En l'espèce, le salarié avance à juste titre avoir «'subi un préjudice moral alors qu'il travaille depuis plus de 18 ans, son licenciement remet complément en cause son professionnalisme et sa probité sans aucun élément'» (conclusions d'appel).
En effet, il apparaît qu'un des deux témoins, M. [P] avait lui-même exprimé, lors de la séance de la commission consultative paritaire, le fait qu'il demeurait des questions en suspens avant d'établir une attestation parfaitement contraire au procès-verbal qu'il a pourtant signé.
L'employeur a, dès lors, mené une procédure de licenciement disciplinaire pour des faits susceptibles d'une qualification pénale alors manifestement que les éléments pour les caractériser n'étaient pas réunis.
Cette accusation de tentative de vol non caractérisée est constitutive de circonstances vexatoires au licenciement, de sorte qu'il convient de confirmer le jugement entrepris en ce qu'il a alloué la somme de 5000 euros à titre de dommages et intérêts au titre du préjudice moral subi.
Sur les demandes accessoires':
La SA La Poste, partie perdante à l'instance au sens des dispositions de l'article 696 du code de procédure civile, doit être tenue d'en supporter les entiers dépens.
Il serait par ailleurs inéquitable, au regard des circonstances de l'espèce comme des situations économiques des parties, de laisser à la charge de M. [J] [L] l'intégralité des sommes qu'il a été contraint d'exposer en justice pour la défense de ses intérêts, de sorte qu'il convient de confirmer le jugement déféré en ce qu'il a condamné la SA La Poste à lui payer la somme de 1'200'€ au titre de l'article 700 du code de procédure civile et, y ajoutant, de la condamner à lui verser la somme de 1'500'€ au titre des frais irrépétibles exposés en cause d'appel.
En conséquence, la demande indemnitaire de la société au titre des frais irrépétibles qu'elle a engagés est rejetée.
PAR CES MOTIFS':
La cour, statuant publiquement, contradictoirement, dans les limites de l'appel et après en avoir délibéré conformément à la loi';
CONFIRME le jugement entrepris en toutes ses dispositions';
Y ajoutant,
DÉBOUTE la SA La Poste de sa demande au titre de l'article 700 du code de procédure civile';
CONDAMNE la SA La Poste à payer à M. [J] [L] la somme complémentaire de 1'500'€ (mille cinq cents euros) au titre de l'article 700 du code de procédure civile';
CONDAMNE la SA La Poste aux dépens d'appel.

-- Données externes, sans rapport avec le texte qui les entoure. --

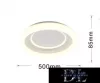 Lampa sufitowa UNIVERSO 40 W 3200 lm CCT ∅500 x 85 mm biała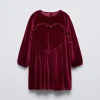 VESTIDO VELVET BRILLOS
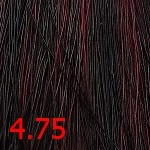 Крем-краска для волос Оттенок 4.75 Махагон KEEN XXL Colour Cream Mahagoni 100мл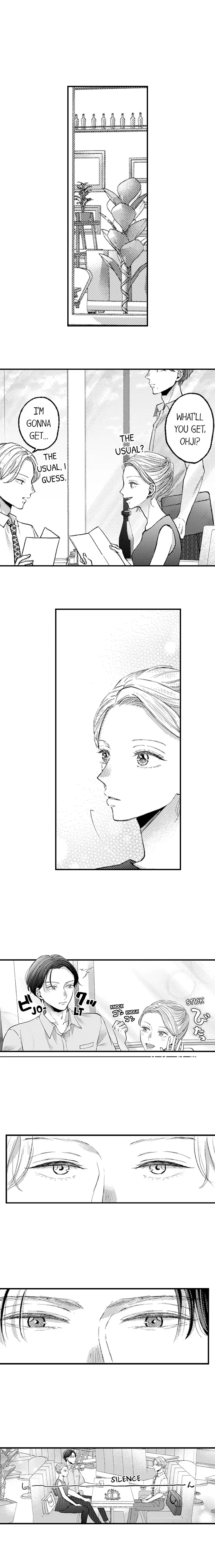 A Contract Marriage Our Bodies Love ~ No Divorcing Tonight ~ Chapter 64 - page 9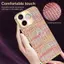 Ốp Lưng Cho Honor 600 Lite Lady Style Basket Dệt Khung Mạ Điện Chống Rơi Vỏ Điện Thoại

Prononcé publiquement par mise à disposition de l'arrêt au greffe de la Cour, les parties ayant été préalablement avisées dans les conditions prévues au deuxième alinéa de l'article 450 du code de procédure civile.
Signé par M. Frédéric BLANC, Conseiller faisant fonction de Président de section, et par Mme Carole COLAS, Greffière à laquelle la minute de la décision a été remise par le magistrat signataire.